In a recent survey by the industry trade publication Bank Director, just 7 percent of responding CEOs, directors and chief risk officers said their bank presently serves marijuana businesses. Another one-third were unsure if their bank was willing to do it, and 34 percent said they had at least discussed it but do not yet work with those businesses.
The survey results indicate “there is a lot of caution around” banking marijuana-related businesses, said Emily McCormick, Bank Director’s director of research.
That caution could stem from present U.S. Department of Justice guidance that leaves enforcement of the federal prohibition on marijuana up to the discretion of local federal prosecutors. If a U.S. attorney decides to prosecute a local marijuana business, a bank could lose all of the collateral that backs the company’s loan, Tierney said.
“Banks have not been wanting to lend to the industry because you didn’t want your collateral confiscated,” he said. “So, financing then becomes very difficult.”
Bob Hendricks, an attorney at Warner Norcross + Judd LLP who chairs the Grand Rapids law firm’s Cannabis Industry Group, senses “that there is a fair amount of pent-up interest, not only in the small banks but in the larger banks, to providing banking services to what clearly seems to be an emerging industry with some serious legs and some serious growth potential.”
However, that doesn’t mean that banks and credit unions will flock to the industry, Hendricks said.

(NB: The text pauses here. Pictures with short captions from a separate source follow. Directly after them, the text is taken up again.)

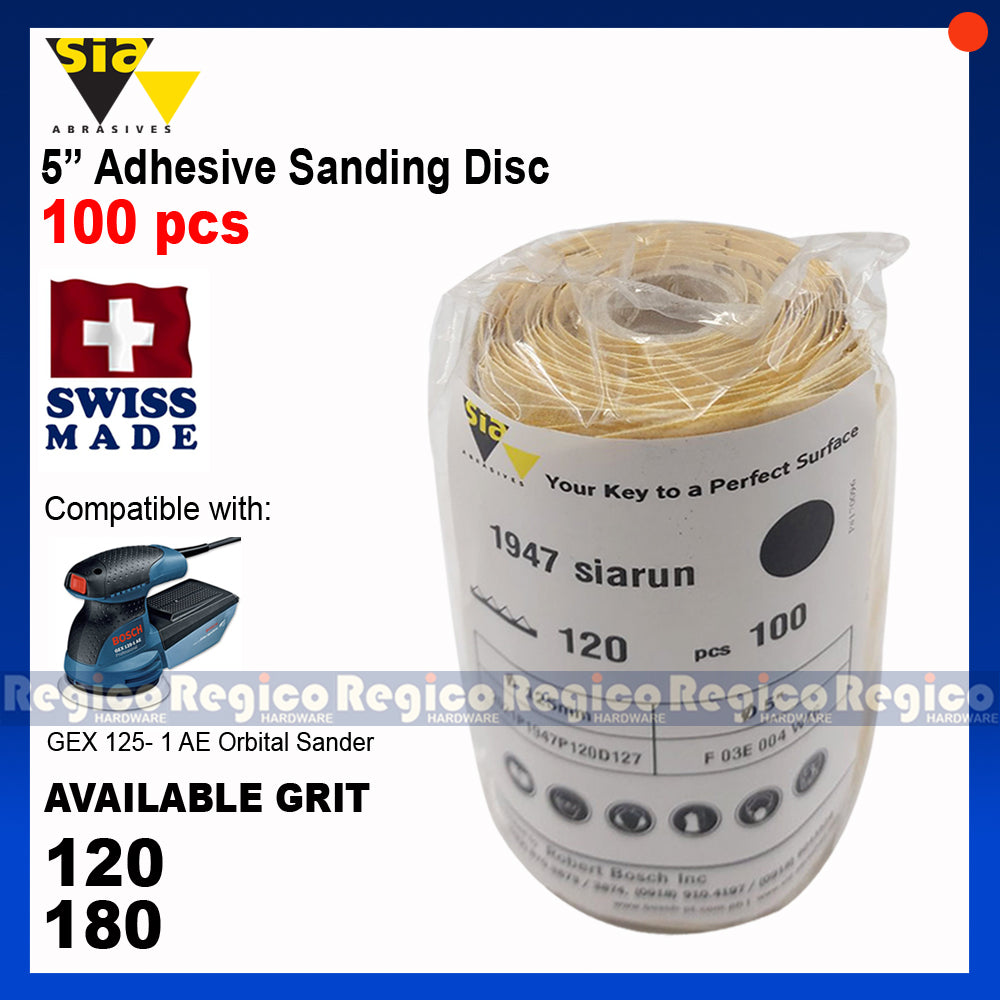Sia 100PCS Adhesive 5 inch Sanding Disc for Orbital Eccentric Sander GEX 125 #1947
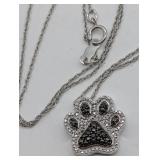STERLING SILVER BLACK & WHITE LC DIAMOND DOG PAW
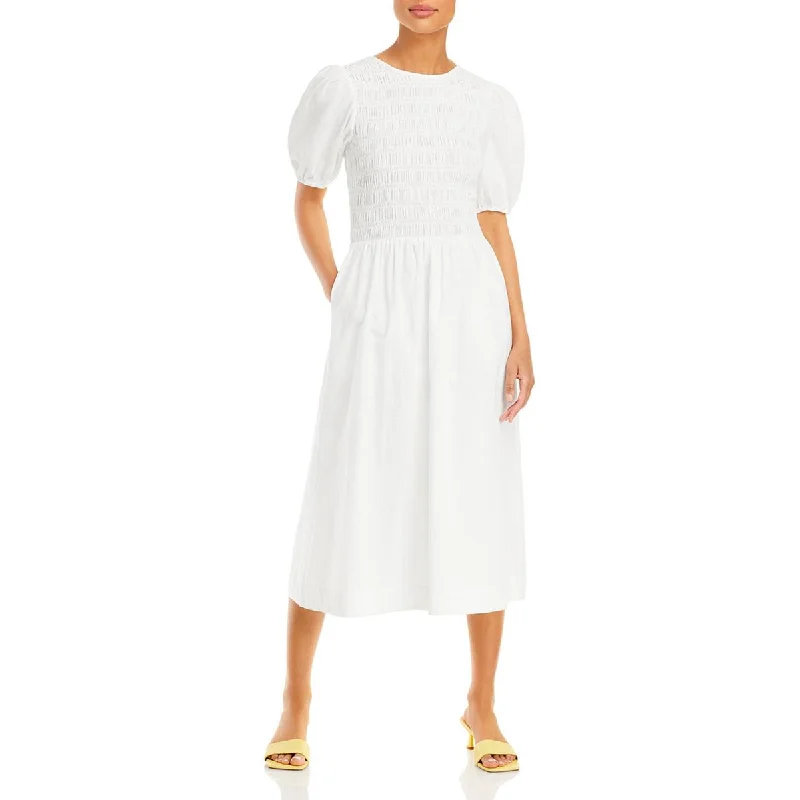 Aspen Womens Puff Sleeve Calf-Length Midi Dress Feminine Grace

While passage of the SAFE Banking Act in the Senate — and President Biden’s signature — could bring more and larger institutions into the fray, the high level of due diligence, report requirements scrutiny, compliance costs and risk would remain. That will keep some financial institutions away, he said.

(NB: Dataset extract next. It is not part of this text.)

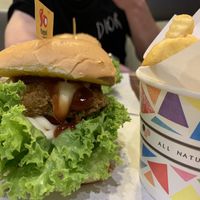 A lot of salad and sauce on the burger at So Vegan - Gateway Ekkamai in Bangkok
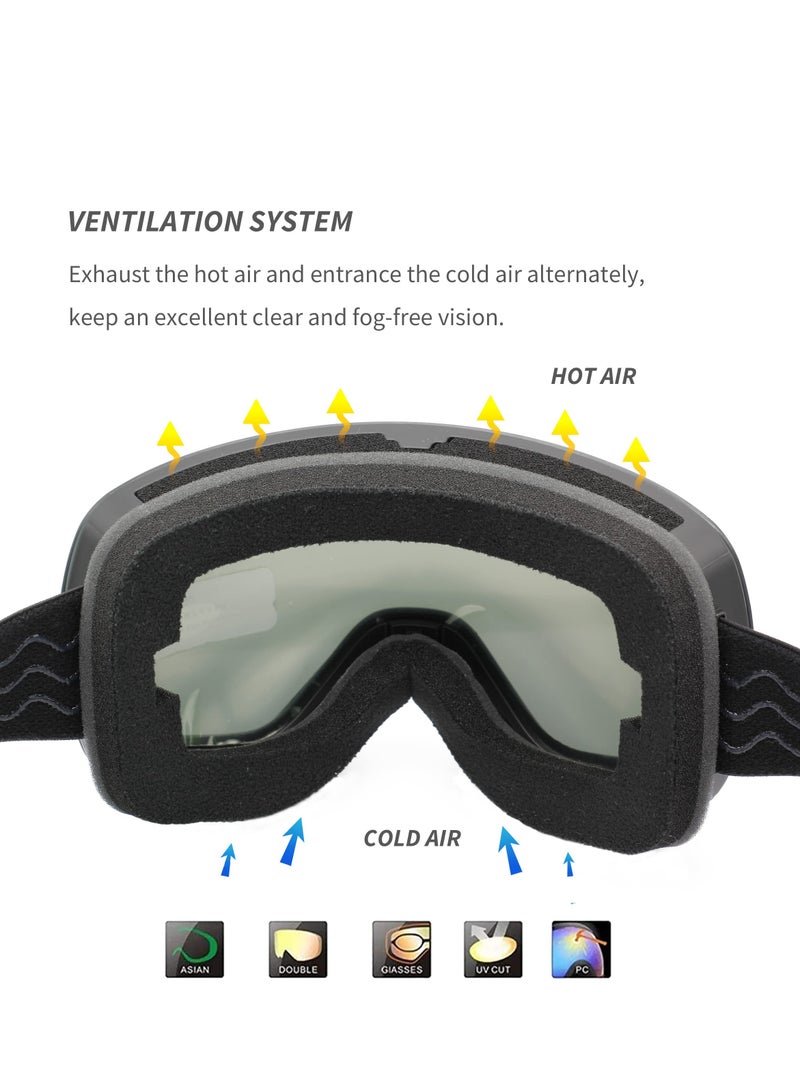 Premium Ski Goggles for Winter Sports, Frameless, Anti-Fog, Interchangeable Lenses, 100% UV Protection, Perfect for Snowboarding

The continuation of a black market will also act as a deterrent for some banks and require great caution when taking on a marijuana client, he said.
“It’s not going to be like banking a donut shop,” Hendricks said. “This still is an industry coming out of the black market.”
To any bank that’s considering serving marijuana-related businesses, Hufnagel at Dart Bank advises them to make sure they fully understand the federal requirements and have the systems and staff needed to comply.
“Be prepared for what you’re going to be faced with,” Hufnagel said. “It’s an extremely difficult business and you have to be willing to put the effort in both the infrastructure and technical side.”
However, Hufnagel opposes the SAFE Banking Act. Dart Bank has made the investments and took on a large risk to serve the industry. The law could bring not only competition, but players that would not “operate in a way that’s going to be in the best interests of everything that we’re doing” and cause problems for the entire industry, he said.